Nel 2004 Devangere Devanand e i colleghi della Columbia University, presentarono un nuovo tipo di test che avrebbe dovuto consentire di diagnosticare la malattia di Alzheimer in fase pre-sintomatica semplicemente facendo annusare ai pazienti a rischio una serie di dieci fragranze.

I ricercatori si erano accorti infatti che tra gli individui a rischio maggiore per l’Alzheimer perché per esempio avevano dei precedenti familiari, quelli che presentano difetti olfattivi sviluppavano quasi sicuramente la malattia.

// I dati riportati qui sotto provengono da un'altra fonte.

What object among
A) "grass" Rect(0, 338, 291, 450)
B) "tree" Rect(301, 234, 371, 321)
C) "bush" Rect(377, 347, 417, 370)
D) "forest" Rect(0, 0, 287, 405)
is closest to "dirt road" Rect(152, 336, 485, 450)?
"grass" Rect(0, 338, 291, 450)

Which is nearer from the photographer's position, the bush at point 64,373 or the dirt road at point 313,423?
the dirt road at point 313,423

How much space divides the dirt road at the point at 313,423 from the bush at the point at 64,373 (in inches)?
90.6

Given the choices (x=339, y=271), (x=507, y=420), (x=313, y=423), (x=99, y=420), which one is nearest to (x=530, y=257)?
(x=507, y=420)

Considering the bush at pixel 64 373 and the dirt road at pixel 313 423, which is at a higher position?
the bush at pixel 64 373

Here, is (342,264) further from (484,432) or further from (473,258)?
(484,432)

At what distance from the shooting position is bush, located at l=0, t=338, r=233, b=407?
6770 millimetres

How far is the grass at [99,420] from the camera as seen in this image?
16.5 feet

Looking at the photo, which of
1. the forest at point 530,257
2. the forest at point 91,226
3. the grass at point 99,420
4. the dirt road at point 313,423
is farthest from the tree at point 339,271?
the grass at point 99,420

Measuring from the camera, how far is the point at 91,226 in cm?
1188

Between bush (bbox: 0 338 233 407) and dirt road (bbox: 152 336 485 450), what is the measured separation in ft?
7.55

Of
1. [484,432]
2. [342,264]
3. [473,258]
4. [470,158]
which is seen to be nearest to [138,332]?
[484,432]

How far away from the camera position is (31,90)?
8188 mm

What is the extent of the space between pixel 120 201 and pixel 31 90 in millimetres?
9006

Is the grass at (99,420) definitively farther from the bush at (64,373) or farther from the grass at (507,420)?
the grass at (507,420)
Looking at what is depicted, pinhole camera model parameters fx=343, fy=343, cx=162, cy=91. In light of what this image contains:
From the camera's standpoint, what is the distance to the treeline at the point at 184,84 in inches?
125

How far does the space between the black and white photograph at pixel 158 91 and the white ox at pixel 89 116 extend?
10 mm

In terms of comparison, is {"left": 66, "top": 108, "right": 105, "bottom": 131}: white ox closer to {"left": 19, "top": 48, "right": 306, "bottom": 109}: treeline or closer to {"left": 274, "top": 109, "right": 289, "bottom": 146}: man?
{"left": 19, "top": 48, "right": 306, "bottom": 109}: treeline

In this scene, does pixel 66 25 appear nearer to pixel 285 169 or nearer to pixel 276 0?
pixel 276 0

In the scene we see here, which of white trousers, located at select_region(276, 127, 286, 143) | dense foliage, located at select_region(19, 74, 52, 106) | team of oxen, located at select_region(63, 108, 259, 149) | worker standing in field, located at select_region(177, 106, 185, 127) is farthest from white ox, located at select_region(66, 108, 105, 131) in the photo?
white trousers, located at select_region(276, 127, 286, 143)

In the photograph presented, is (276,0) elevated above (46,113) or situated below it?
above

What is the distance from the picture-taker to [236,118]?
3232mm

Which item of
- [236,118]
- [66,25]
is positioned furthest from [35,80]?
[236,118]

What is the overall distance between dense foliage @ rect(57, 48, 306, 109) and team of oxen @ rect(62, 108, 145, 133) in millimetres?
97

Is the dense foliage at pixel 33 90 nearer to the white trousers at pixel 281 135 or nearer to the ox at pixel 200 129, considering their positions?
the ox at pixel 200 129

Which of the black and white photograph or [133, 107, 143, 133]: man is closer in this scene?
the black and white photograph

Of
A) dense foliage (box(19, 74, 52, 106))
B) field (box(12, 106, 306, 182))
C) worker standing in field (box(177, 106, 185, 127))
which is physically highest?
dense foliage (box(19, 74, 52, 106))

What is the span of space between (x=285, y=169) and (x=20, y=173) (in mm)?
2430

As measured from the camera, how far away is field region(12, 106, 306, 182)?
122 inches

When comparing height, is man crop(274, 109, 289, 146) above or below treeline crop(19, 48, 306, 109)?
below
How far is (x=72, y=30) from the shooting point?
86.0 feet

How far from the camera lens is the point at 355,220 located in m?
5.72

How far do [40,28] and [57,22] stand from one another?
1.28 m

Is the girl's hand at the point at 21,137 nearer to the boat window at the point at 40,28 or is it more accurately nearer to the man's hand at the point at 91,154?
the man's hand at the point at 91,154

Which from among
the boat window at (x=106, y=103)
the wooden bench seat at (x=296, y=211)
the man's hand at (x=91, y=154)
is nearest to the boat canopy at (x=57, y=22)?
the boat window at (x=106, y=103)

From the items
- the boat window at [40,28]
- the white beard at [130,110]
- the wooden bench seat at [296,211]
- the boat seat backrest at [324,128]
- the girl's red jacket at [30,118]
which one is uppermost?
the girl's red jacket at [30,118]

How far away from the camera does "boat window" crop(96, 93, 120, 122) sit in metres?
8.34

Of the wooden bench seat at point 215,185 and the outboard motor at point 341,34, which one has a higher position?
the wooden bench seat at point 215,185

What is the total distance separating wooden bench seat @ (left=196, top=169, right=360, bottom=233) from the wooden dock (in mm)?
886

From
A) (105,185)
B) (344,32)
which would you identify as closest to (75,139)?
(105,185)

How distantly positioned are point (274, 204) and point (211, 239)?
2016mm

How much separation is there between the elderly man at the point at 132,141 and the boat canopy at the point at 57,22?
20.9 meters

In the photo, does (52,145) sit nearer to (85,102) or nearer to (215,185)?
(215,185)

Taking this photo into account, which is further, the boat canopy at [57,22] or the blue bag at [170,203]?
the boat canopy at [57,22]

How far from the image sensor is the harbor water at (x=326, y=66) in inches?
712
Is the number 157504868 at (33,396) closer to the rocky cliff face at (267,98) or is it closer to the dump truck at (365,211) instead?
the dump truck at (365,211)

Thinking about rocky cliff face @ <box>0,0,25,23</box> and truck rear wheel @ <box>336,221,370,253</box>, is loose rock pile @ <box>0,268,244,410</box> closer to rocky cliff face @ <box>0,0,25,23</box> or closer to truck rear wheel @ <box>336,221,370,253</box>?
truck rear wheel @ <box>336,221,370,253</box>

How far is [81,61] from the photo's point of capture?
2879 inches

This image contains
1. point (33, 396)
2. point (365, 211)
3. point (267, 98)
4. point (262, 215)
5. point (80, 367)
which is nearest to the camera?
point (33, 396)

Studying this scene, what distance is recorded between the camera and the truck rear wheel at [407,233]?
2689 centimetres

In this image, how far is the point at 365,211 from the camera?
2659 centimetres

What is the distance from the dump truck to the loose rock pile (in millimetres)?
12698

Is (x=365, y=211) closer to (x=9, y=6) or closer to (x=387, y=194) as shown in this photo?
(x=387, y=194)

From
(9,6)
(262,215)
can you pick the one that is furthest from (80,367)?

La presenza di un deficit olfattivo avrebbe quindi dovuto rappresentare un buon segnale predittivo per identificare le persone che col tempo avrebbero sviluppato questo tipo di demenza senile.

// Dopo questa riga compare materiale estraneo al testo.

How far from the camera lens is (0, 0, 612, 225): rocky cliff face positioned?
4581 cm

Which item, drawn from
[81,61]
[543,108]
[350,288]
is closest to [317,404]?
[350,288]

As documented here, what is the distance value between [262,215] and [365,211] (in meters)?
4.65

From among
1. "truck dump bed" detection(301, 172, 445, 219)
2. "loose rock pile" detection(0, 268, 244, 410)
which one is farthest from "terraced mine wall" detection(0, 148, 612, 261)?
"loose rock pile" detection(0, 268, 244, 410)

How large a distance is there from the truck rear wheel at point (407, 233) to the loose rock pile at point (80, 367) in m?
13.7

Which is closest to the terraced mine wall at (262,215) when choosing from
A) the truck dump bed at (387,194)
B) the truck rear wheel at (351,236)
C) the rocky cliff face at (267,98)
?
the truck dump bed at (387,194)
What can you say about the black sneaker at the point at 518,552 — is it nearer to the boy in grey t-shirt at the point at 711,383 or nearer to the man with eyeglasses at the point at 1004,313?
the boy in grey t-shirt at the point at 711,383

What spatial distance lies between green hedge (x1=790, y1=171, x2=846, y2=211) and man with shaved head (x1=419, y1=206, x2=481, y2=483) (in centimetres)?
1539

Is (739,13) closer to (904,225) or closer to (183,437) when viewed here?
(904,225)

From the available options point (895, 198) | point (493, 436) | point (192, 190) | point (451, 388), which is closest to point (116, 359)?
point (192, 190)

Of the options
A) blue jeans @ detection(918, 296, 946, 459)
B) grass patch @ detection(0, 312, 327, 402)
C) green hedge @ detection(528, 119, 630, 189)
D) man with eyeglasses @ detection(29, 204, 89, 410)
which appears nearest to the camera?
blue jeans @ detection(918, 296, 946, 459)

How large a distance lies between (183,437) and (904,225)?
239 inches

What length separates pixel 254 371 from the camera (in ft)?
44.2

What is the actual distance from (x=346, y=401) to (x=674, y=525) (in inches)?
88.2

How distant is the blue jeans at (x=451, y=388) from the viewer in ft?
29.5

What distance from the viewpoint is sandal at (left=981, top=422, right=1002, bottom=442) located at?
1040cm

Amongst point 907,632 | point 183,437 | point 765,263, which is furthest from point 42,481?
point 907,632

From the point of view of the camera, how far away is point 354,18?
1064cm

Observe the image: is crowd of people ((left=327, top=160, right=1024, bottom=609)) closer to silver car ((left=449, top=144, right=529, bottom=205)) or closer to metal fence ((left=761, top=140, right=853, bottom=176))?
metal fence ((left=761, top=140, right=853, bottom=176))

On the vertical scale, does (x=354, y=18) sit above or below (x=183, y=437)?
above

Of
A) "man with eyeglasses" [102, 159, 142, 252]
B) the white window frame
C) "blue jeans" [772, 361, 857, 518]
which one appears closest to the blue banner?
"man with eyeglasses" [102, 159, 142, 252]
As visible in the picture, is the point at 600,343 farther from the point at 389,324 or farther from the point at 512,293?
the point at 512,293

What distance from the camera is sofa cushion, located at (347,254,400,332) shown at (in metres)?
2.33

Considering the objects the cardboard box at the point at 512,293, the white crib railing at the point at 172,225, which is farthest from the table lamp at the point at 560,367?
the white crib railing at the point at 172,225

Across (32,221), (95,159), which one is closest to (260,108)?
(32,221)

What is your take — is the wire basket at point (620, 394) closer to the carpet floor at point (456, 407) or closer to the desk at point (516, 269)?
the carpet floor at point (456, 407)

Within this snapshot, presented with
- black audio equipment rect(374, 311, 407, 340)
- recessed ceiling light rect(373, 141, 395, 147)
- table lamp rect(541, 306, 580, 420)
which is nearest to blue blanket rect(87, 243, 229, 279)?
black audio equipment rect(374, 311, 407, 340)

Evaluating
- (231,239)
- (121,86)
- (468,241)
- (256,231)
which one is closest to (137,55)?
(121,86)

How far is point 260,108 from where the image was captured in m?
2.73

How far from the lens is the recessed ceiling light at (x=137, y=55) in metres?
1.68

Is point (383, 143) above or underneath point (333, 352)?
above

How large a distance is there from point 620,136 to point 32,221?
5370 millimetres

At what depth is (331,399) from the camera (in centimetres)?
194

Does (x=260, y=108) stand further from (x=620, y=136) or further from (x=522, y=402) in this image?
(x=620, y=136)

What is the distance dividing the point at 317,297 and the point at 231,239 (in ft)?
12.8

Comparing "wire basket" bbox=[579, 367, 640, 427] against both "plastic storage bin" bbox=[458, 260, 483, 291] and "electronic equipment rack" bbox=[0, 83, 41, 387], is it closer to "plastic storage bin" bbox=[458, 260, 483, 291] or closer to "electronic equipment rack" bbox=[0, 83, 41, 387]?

Il prossimo futuro potrebbe offrire interessanti strumenti diagnostici anche per quanto riguarda il gusto.

Un gruppo di ricercatori della Washington University diretti da Katherine Piwnica-Worms ha scoperto infatti una correlazione tra difficoltà a riconoscere il significato delle parole e difetti nell’identificare i gusti dei cibi.

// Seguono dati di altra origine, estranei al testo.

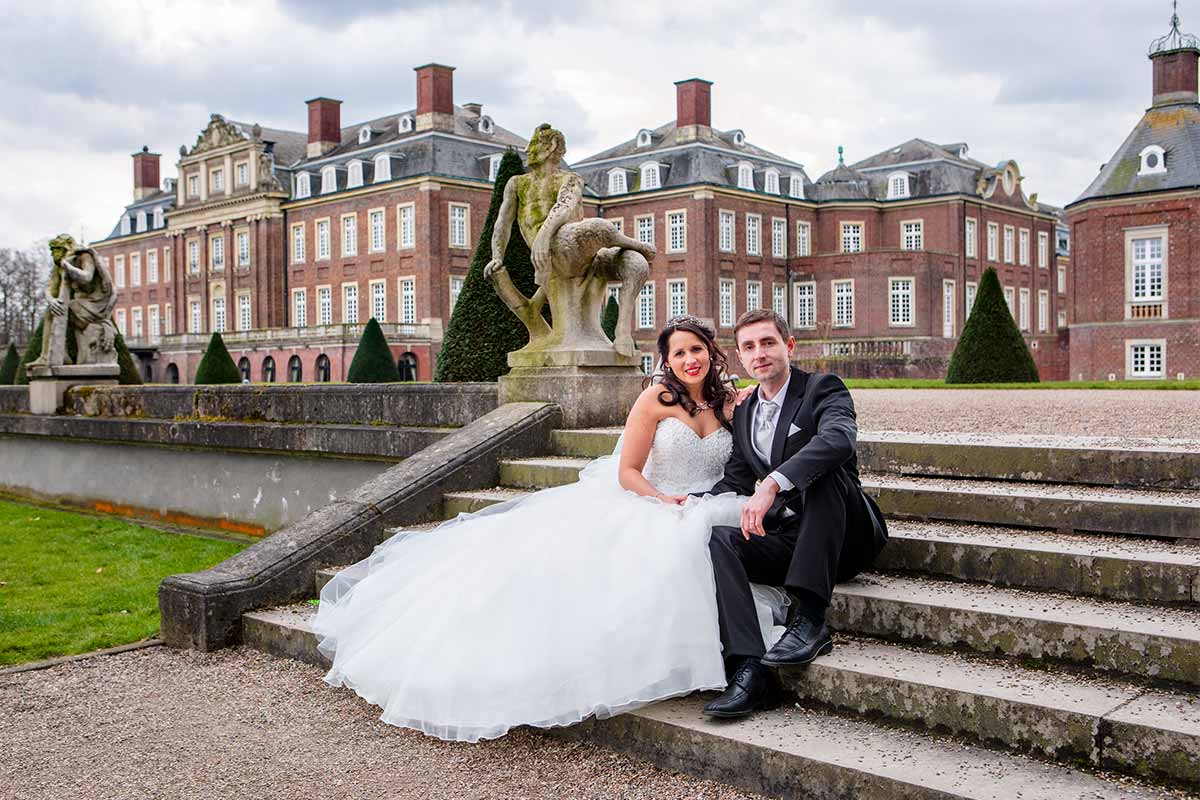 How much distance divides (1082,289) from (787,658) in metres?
36.6

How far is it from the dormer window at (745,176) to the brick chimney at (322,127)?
63.1ft

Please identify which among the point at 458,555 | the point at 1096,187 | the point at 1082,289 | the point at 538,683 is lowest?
the point at 538,683

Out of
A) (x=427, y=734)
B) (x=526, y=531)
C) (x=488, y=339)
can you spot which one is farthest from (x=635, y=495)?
(x=488, y=339)

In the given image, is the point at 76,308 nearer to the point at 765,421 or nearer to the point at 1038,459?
the point at 765,421

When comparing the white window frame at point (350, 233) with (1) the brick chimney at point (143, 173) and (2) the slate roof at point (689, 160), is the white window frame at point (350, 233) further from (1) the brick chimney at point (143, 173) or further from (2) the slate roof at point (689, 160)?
(1) the brick chimney at point (143, 173)

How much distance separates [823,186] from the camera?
168ft

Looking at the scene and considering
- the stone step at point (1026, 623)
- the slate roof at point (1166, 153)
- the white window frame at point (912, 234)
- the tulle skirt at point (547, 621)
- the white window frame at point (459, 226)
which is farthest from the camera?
the white window frame at point (912, 234)

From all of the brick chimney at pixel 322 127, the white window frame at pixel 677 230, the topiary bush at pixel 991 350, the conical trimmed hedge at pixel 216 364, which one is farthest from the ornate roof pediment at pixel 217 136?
the topiary bush at pixel 991 350

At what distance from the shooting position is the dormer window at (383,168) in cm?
4628

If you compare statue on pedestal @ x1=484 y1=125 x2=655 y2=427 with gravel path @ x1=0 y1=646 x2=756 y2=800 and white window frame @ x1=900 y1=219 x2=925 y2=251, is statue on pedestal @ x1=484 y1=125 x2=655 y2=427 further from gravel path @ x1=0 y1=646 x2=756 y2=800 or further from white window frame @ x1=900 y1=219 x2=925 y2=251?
white window frame @ x1=900 y1=219 x2=925 y2=251

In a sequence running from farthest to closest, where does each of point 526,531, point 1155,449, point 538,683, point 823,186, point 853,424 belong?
point 823,186
point 1155,449
point 526,531
point 853,424
point 538,683

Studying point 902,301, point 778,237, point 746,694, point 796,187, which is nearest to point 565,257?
point 746,694

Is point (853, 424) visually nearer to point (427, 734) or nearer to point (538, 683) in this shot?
point (538, 683)

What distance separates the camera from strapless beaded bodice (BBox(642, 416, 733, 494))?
444 cm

Studiando persone affette da demenza semantica, un particolare tipo di demenza caratterizzata da una perdita della capacità di cogliere il significato delle parole, il team ha notato che spesso chi ha questa malattia sviluppa una notevole golosità associata alla preferenza per cibi insoliti o per insolite combinazioni di sapori.

Secondo gli studiosi questo comportamento dipenderebbe da una perdita del significato dei sapori. E, infatti, sono riusciti a dimostrare che queste persone sono perfettamente in grado di discriminare sapori differenti e di indicare se trovano gradevoli o meno certe combinazioni, ma incontrano notevoli difficoltà a identificare i singoli sapori o a valutare in modo appropriato particolari gusti, come vaniglia o sottaceto.

È la prima prova diretta che il significato dei sapori, come quello delle altre cose del mondo, viene colpito da questa particolare forma di demenza. Ma non è escluso che possa rappresentare anche una nuova possibilità per diagnosticare e distinguere in fase precoce diverse malattie neurodegnerative, Alzheimer compreso, a partire dalla semplice analisi dei gusti alimentari delle persone.

Attenzione ai piccoli segnali

Purtroppo nessuno di questi metodi non invasivi si è dimostrato così infallibile e a tutt’oggi soltanto l’attenta valutazione clinica e neurologica dei sintomi cognitivi e comportamentali e della loro tendenza a peggiorare nel tempo, consente di arrivare a una diagnosi clinica.

Se effettuata correttamente e soprattutto tempestivamente, consente di iniziare quella serie di trattamenti farmacologici e terapie comportamentali che se non proprio curative possono mantenere a lungo una buona qualità della vita di chi ne è affetto e dei suoi familiari.

Il fattore tempo è dunque fondamentale ed è per questo che i medici cercano di sensibilizzare la popolazione verso i campanelli d’allarme che potrebbero far sospettare l’esistenza di un problema di questo tipo, tra cui anche il contare i soldi.